> TASK INSTRUCTIONS
Starting with the line that contains "Maple Tall China", repeat exactly every line through the last one in the records below, and leave out the pictures.

> Short web captions
= Beginning of Section =
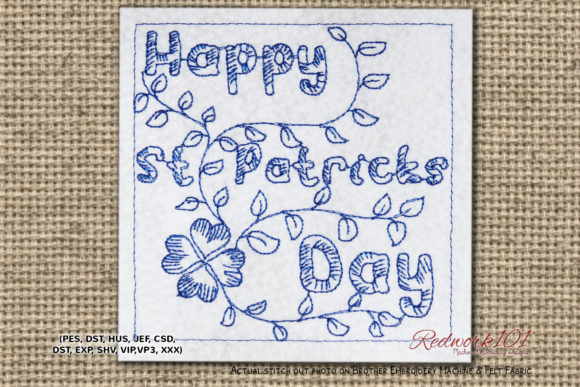 Happy St Patricks Day Redwork Design Review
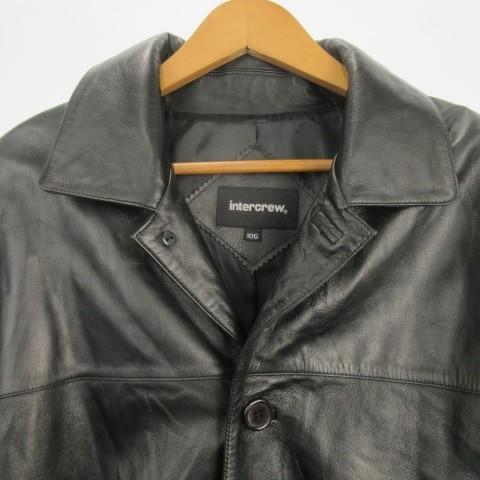 インタークルー intercrew レザージャケット 本革 105 黒 ブラック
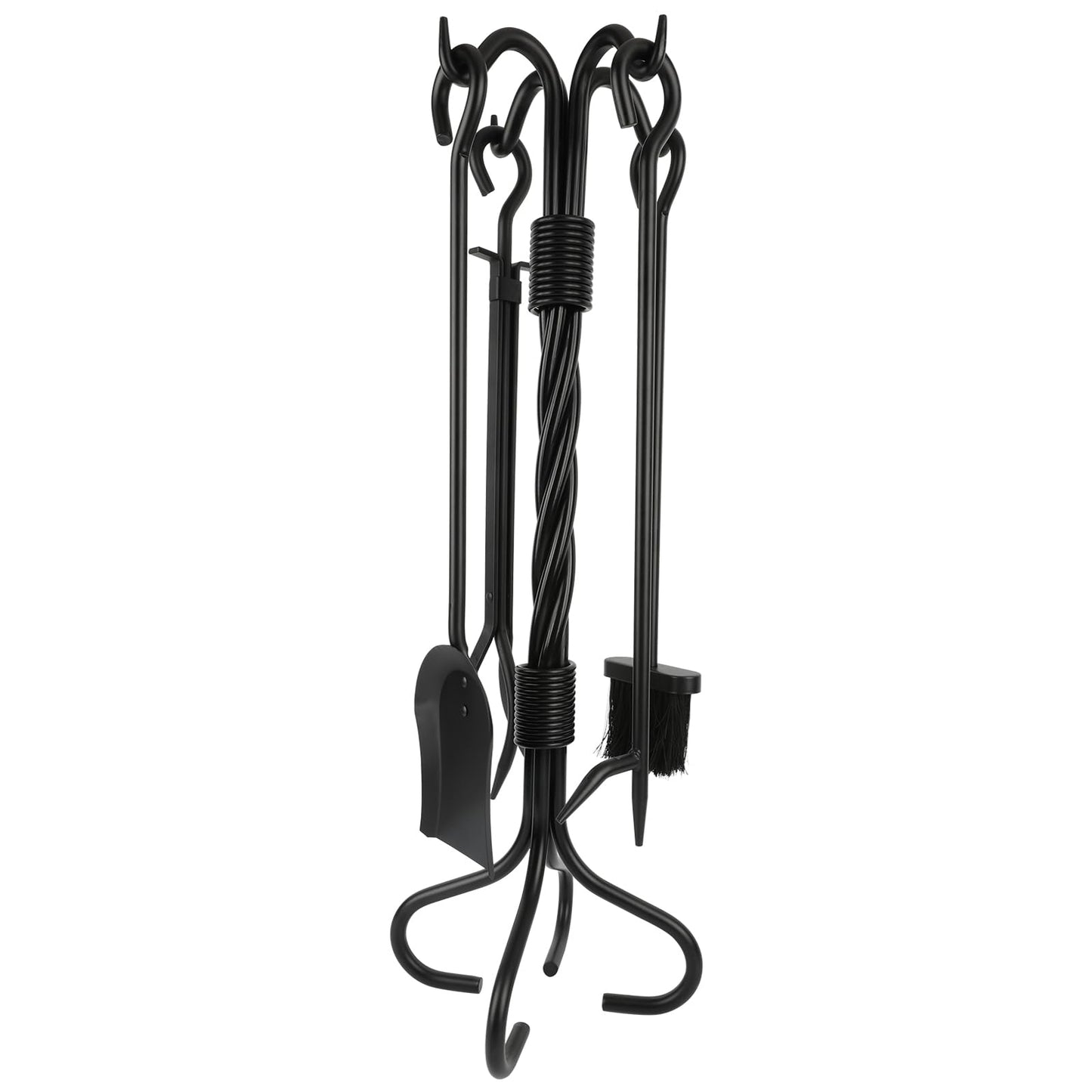 Nouetele 5-Piece Fireplace Tools Set Wrought Iron - NO Assembly - Heavy Duty 32" Solid Steel Fire Poker Set for Outdoor Fire Pit & Wood Stove - Fire Place Set with Tongs, Shovel, Brush, Stand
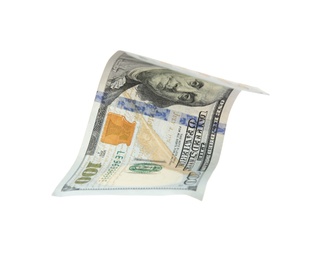 Photo of One hundred dollar banknote on white background. American national currency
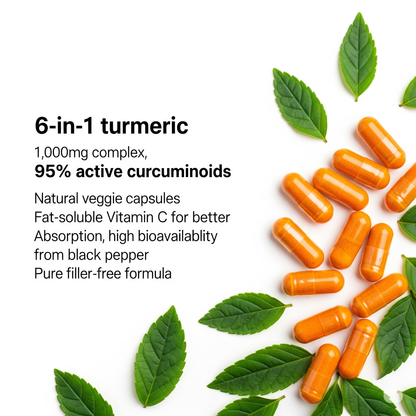 Turmeric Curcumin 1,000mg – 95% Curcuminoids with Black Pepper & MCT Oil – Enhanced Absorption – No Fillers, Non-GMO – 120 Vegetarian Capsules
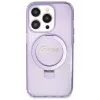 Guess GUHMP14LHRSGSU iPhone 14 Pro 6,1 pevné puzdro s držiakom na prsteň Script Glitter MagSafe fialové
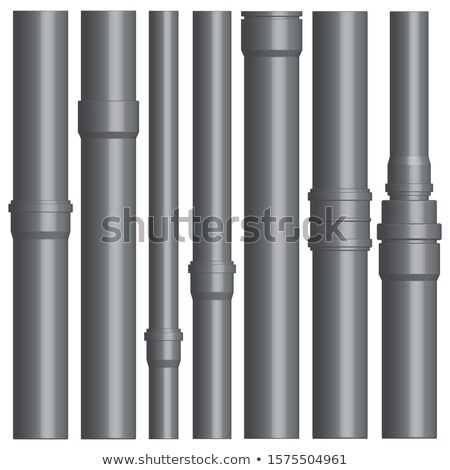 Сток-фото: Set Of Various Plastic Pipes With Connectors Vector Illustration
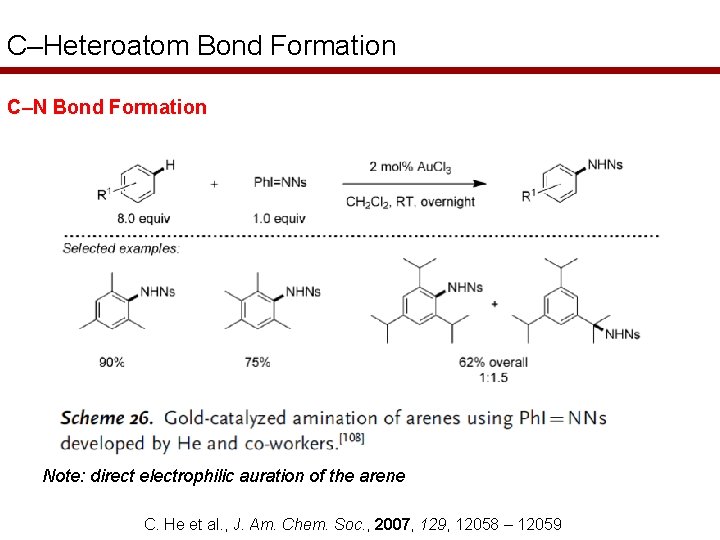 C–Heteroatom Bond Formation C–N Bond Formation Note: direct electrophilic auration of the arene C.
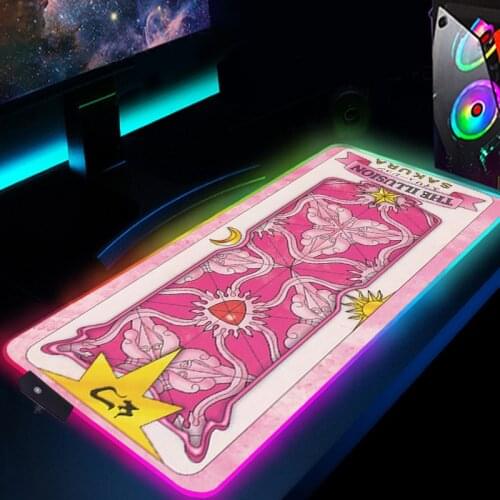 Cardcaptor Sakura Mouse Pad Anime Cute Girl Tarot Card Mousepad Large Speed Computer Keyboard Table Pads Pc Gamer Accessories XL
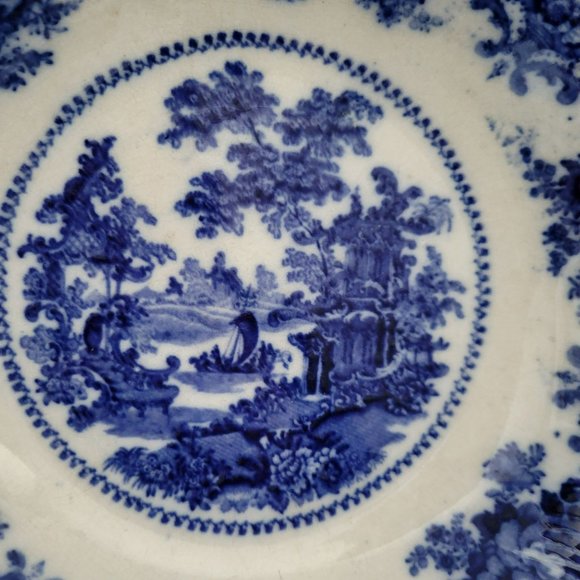 Vintage Flow Blue Serving Bowl by W. Adams & Co. in England, Fairy Villa Pattern - Picture 2 of 10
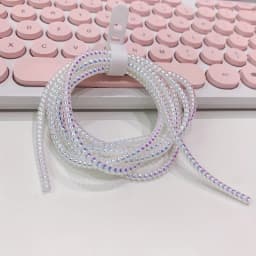 New 1.4M Laser Color TPU Soft Spiral USB Charging Cable Protector for iPhone Samsung Huawei Earphone Cord Line Protection
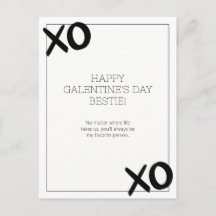 Dia do XOXO Bestie Galentine, preto e branco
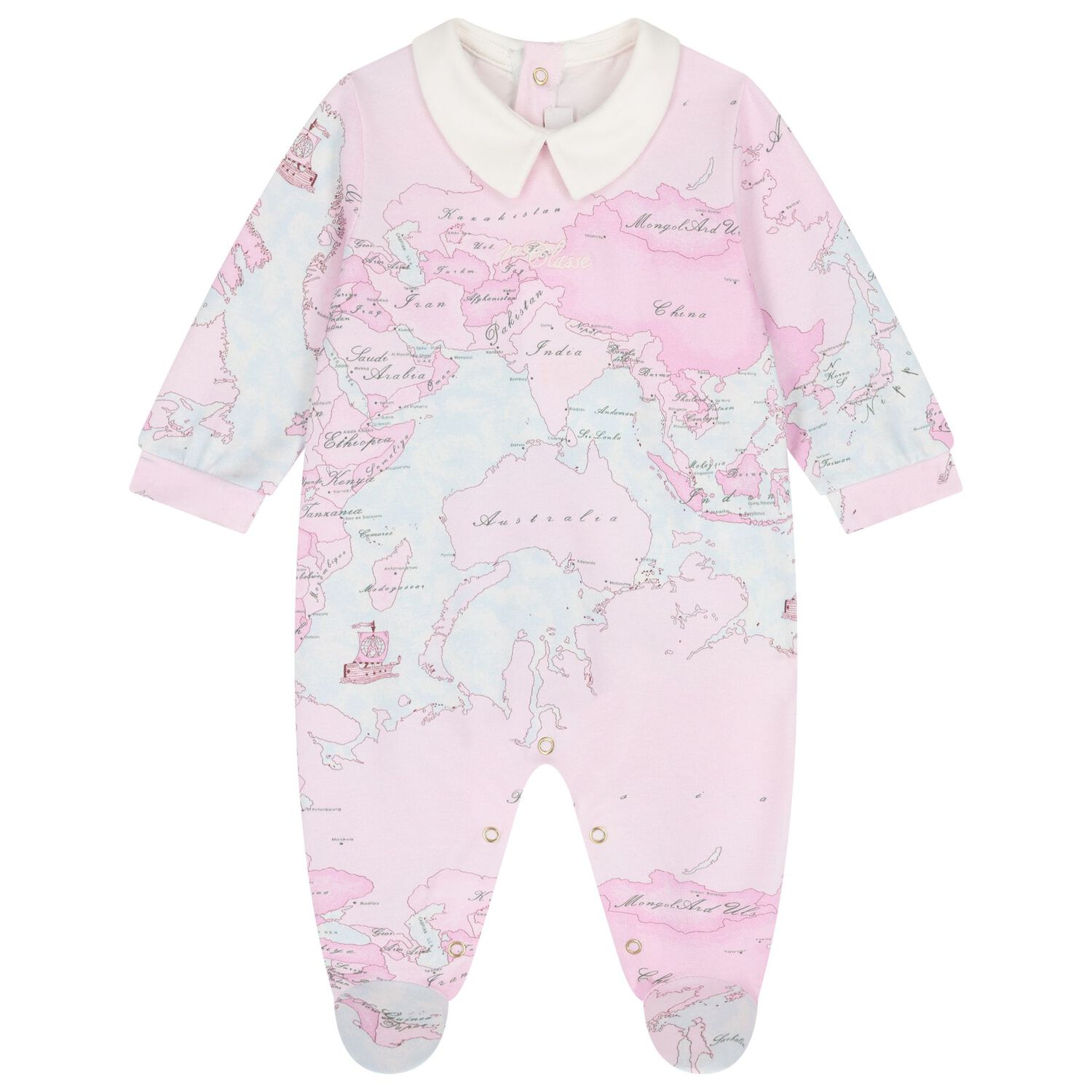 Baby Girls Ivory & Pink Geo Map Babygrow Gift Set, 2, hi-res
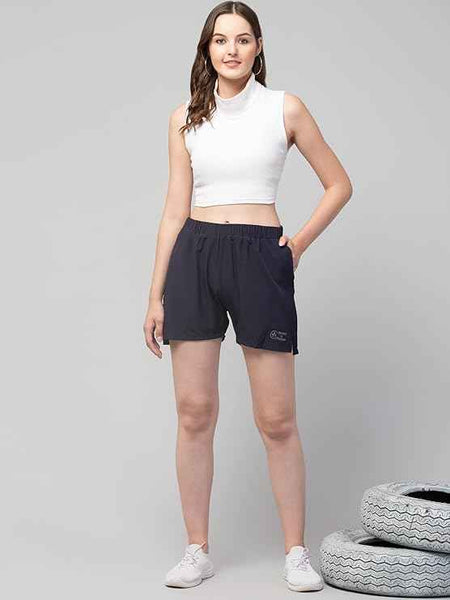 Brachy Sports Shorts for Women Running Gym Workout – Dry Fit Quick Dry Double Layer Inner Compression with Pockets | Breathable Lightweight Athletic Wear Above Knee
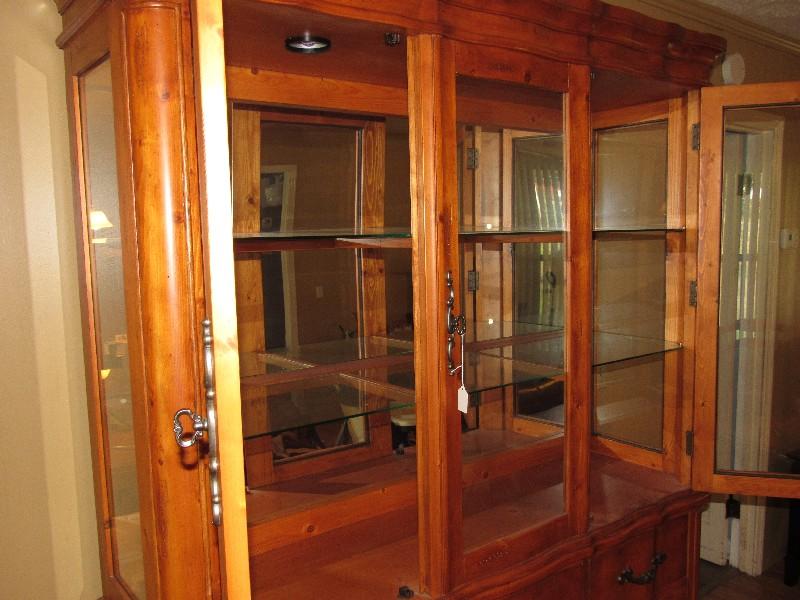 Maple Tall China Cabinet 3 Doors w/ 5 Glass Windows, 2 Inlay Glass Shelves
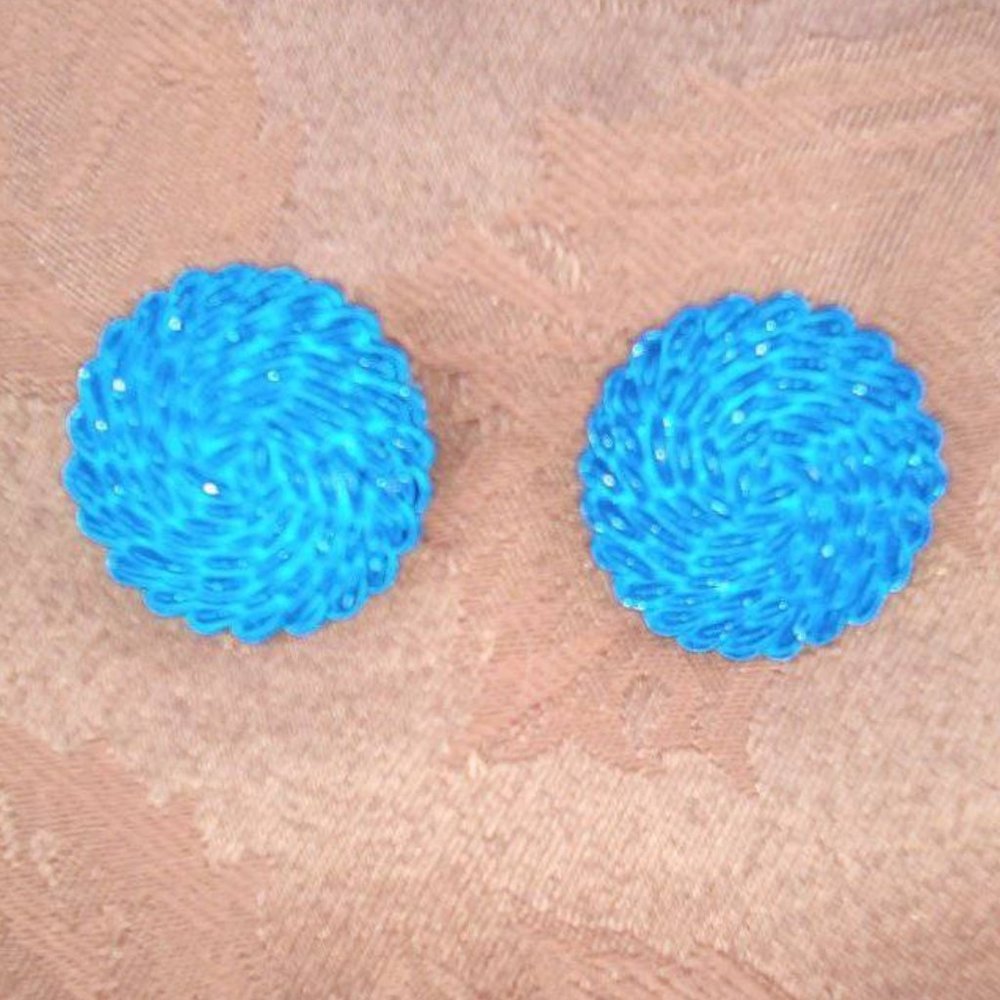 Vintage Blue Wicker Patterned Earrings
= End of Section =
> TASK ANSWER
 Maple Tall China Cabinet 3 Doors w/ 5 Glass Windows, 2 Inlay Glass Shelves
 Vintage Blue Wicker Patterned Earrings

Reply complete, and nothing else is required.